The city has been attempting to exit its 120-year contract with PG&E for over a decade, including a failed $2.5 billion offer in 2019. The current effort involves determining a fair price for PG&E's assets through the California Public Utilities Commission (CPUC), a process that has faced delays due to objections from PG&E. SB 875 aims to streamline this process by setting enforceable timelines and limiting CPUC reviews to ensure fairness for utility employees. Proponents, including Sen. Scott Wiener, argue that San Francisco currently pays the second-highest electricity rates in the nation under PG&E's monopoly, while neighboring cities with municipal utilities pay significantly less.
PG&E has countered, stating that government takeovers would not reduce costs but could increase them due to the need for rebuilding infrastructure and covering ongoing programs like wildfire mitigation and low-income customer support. UC Berkeley energy expert Severin Borenstein noted that while rates might decrease for San Francisco residents, they could rise for rural PG&E customers who continue to rely on the utility. This divergence in impacts has sparked debates among stakeholders, with some questioning whether the benefits of a municipal utility outweigh the potential risks and costs.

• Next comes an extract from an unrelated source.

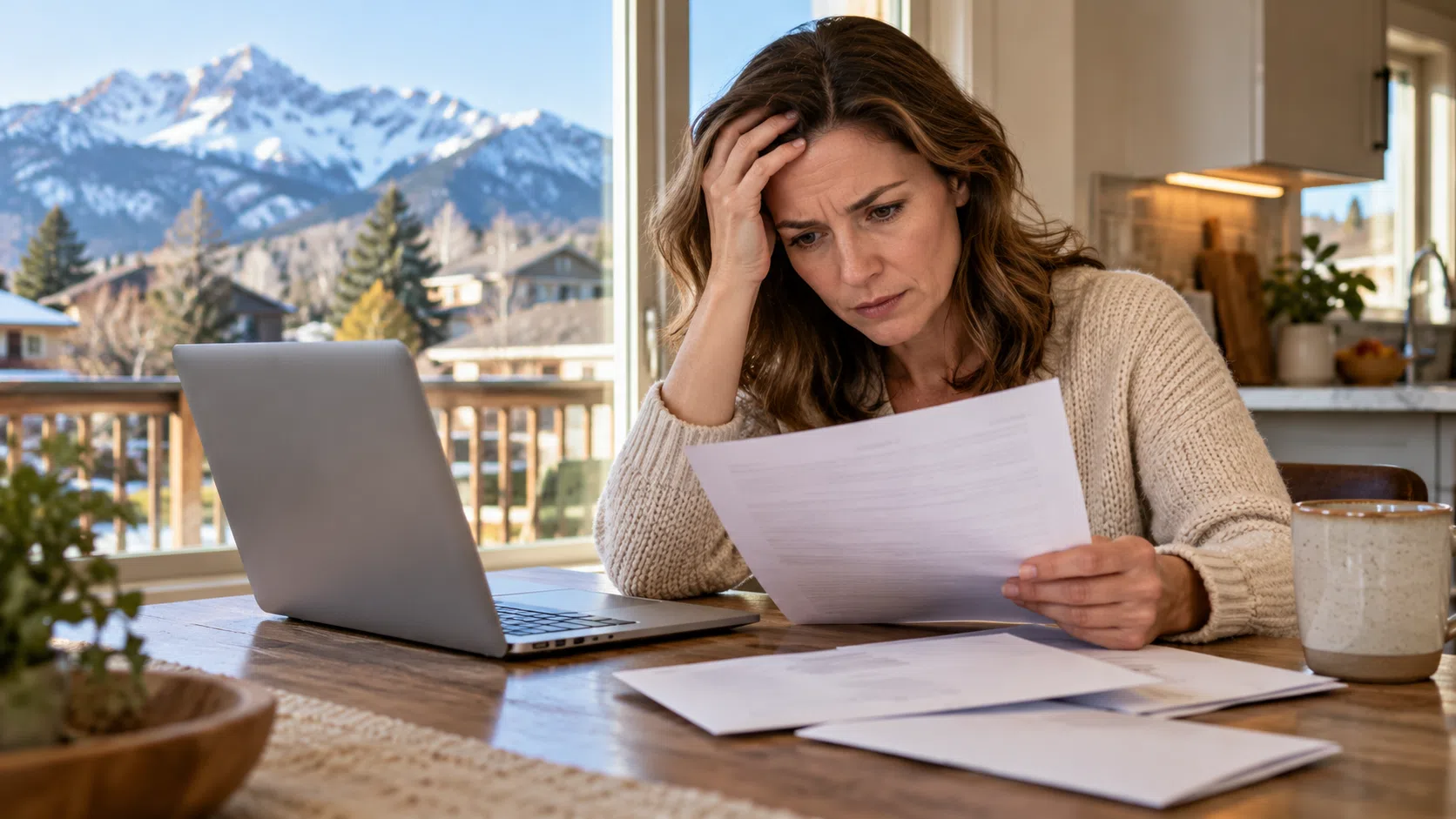 Homeowner reviewing insurance documents while considering coverage options for a Colorado residence.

Ultimately, SB 875 represents a pivotal moment in the ongoing struggle over energy policy and public utility ownership in California. The legislation not only reflects San Francisco's push for greater control over its energy future but also highlights broader tensions between investor-owned utilities and municipal efforts to provide more affordable and reliable services. As the bill moves through the legislative process, it will likely spark further discussions about the balance between innovation, affordability, and stability in the state's energy sector.